“The city is only going to grow north,” Herceg, a former Washougal city planner, told Washougal officials earlier this month. “We don’t have the ability to grow west or east or south. Thinking 20 years out, you’re going to have to, at some point, find another place for small hubs because it’s just not efficient to have everybody come down to ‘E’ Street or to Evergreen for their services.”
The map known as “Alternative 1” implements the northeast and northwest urban growth boundary subarea zoning; adjusts zoning on Port of Camas-Washougal property to reflect the new levee alignment at Steigerwald Lake National Wildlife Refuge; allows for multifamily housing in the commercial and town center districts; and will allow for more affordable housing, including ADUs, in the city’s residential areas, adding approximately 1,622 new jobs and 5,998 new housing units, 40 percent of which will go to residents who earn less than 80 percent of the area’s median income.
“We really don’t have much buildable AR-16 land in our current maps — land that is specifically designed for that multifamily residential product,” Herceg said. “In Alternative 1, we’re relying on that product to be developed in the town center and commercial districts, which can come with a trade-off of potentially losing capacity for jobs, and it sometimes results in a mixed-use product that isn’t quite what we envision it to be in the town center or along our commercial district.”
The map known as “Alternative 2” proposes changing the zoning in the city’s northeast urban growth boundary to increase land for commercial use and to add multifamily residential land; adjusts zoning on port-owned land to reflect the new levee alignment; adds less multifamily housing in the city’s commercial and town center districts; and would increase affordable “middle housing” and ADUs in residential zones.

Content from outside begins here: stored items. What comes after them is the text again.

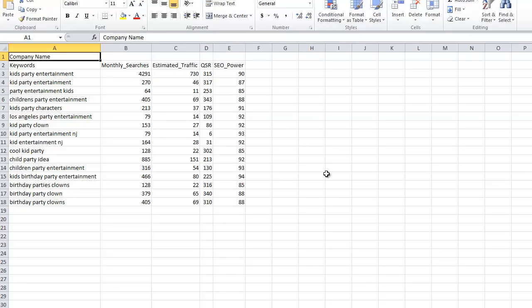You can email it, you can print it out, there's a variety of things that you can do with your keyword list. Okay, so it's as simple as that, and that's how you export a keyword list in JAXE. Thanks for watching.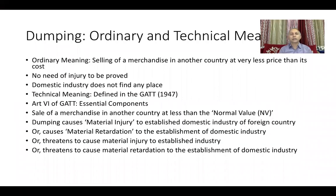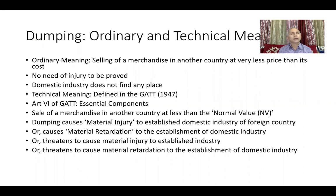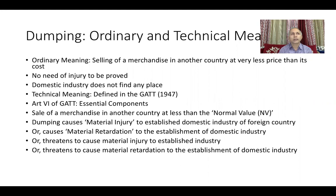What can happen if one country dumps its products into another country? What is the remedy? These are the things we will be discussing today. Everyone knows the ordinary meaning of dumping — that some country sells its products into another country at a very low price. Also, dumping in common usage means you dump those things which are waste.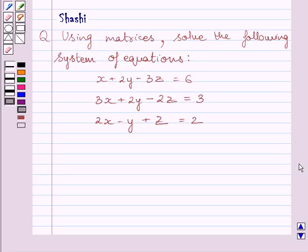Hi and welcome to the session. I am Shashi and I am going to help you with the following question. The question says: using matrices, solve the following system of equations.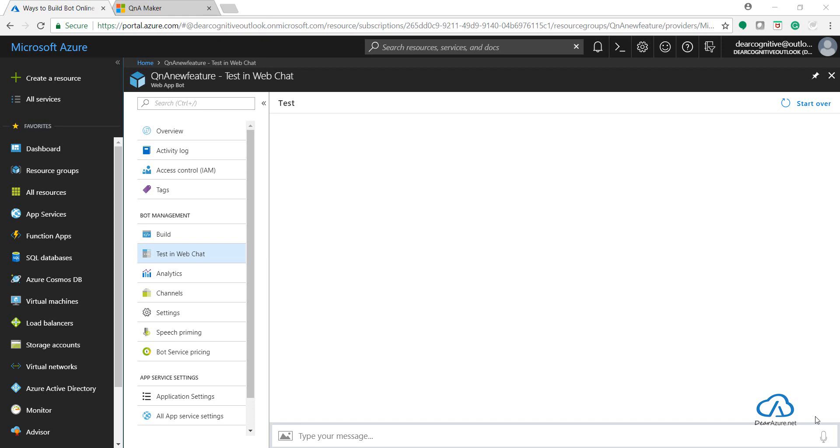The way to connect the knowledge base with Azure Bot Service has slightly changed. In this video, we'll look at that particular change - what is the new key which we need to add in order to connect the new Q&A Maker knowledge base with Azure Bot Service.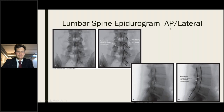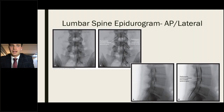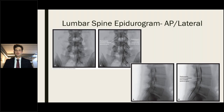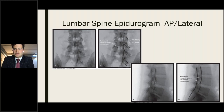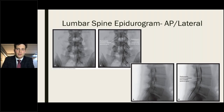An epidurogram using radio contrast confirms epidural needle placement. In AP view, contrast spreads to the lateral borders of the epidural space through the neuroforamina, surrounding the spinal nerves. If a neuroforamen is severely stenotic, there may be absent contrast spread at that nerve root. In lateral view, contrast appears in both anterior and posterior epidural spaces, confirming the three-dimensional nature of the epidural space.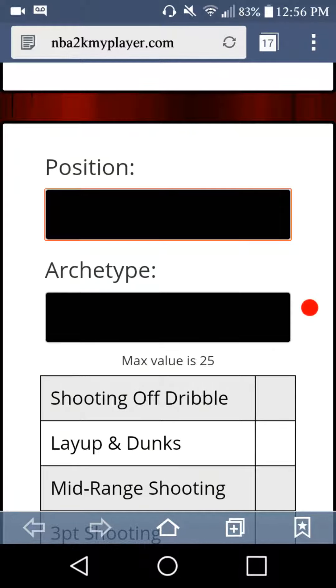What's going on guys, your boy KingBCJ. Pretty much this is what I found. I seen a lot of YouTubers talking about how to build your player, but this actual site actually shows you how to create the perfect player.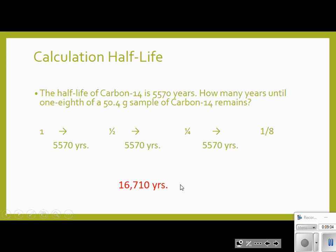Could we go past one-eighth? Absolutely — we'd just need another half-life. Technically, will it ever fully disappear? We could keep cutting everything in half, so technically it gets to very, very small amounts. Did you ever hit zero on your lab the other day, or did you stop at 20? You probably stopped at 20 because you didn't hit zero.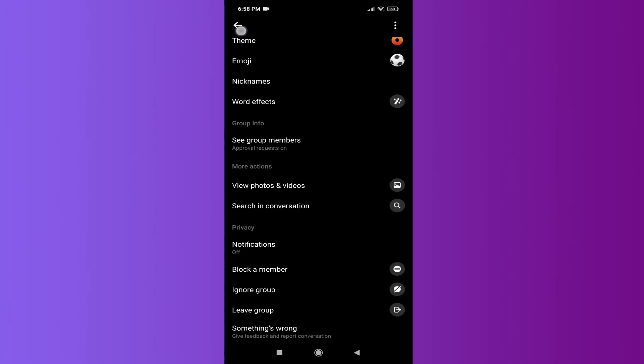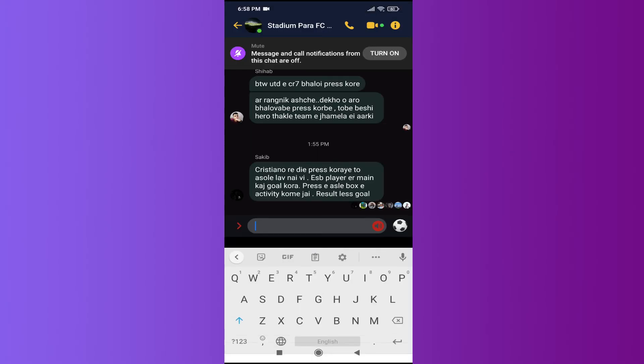This will turn off all the notifications from this group. If I go back to Messenger here, as you can see, this group shows that message and call notifications from this chat are off.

The “Alternative 2” options would add approximately 2,007 new jobs and 6,484 new housing units, 34 percent of which would be affordable for residents who earn less than 80 percent of the area’s median income.
“That northeast section of the city is where you’ll see a little bit more of a hub, for lack of a better word, kind of a little residential node, a slightly larger commercial area, and a little higher density of residential zoning,” Herceg said. “This particular plan, because we are planning for more density in the northeast, gives us a bit of an opportunity to put a little less of a burden on high density residential in our core and in our town center.”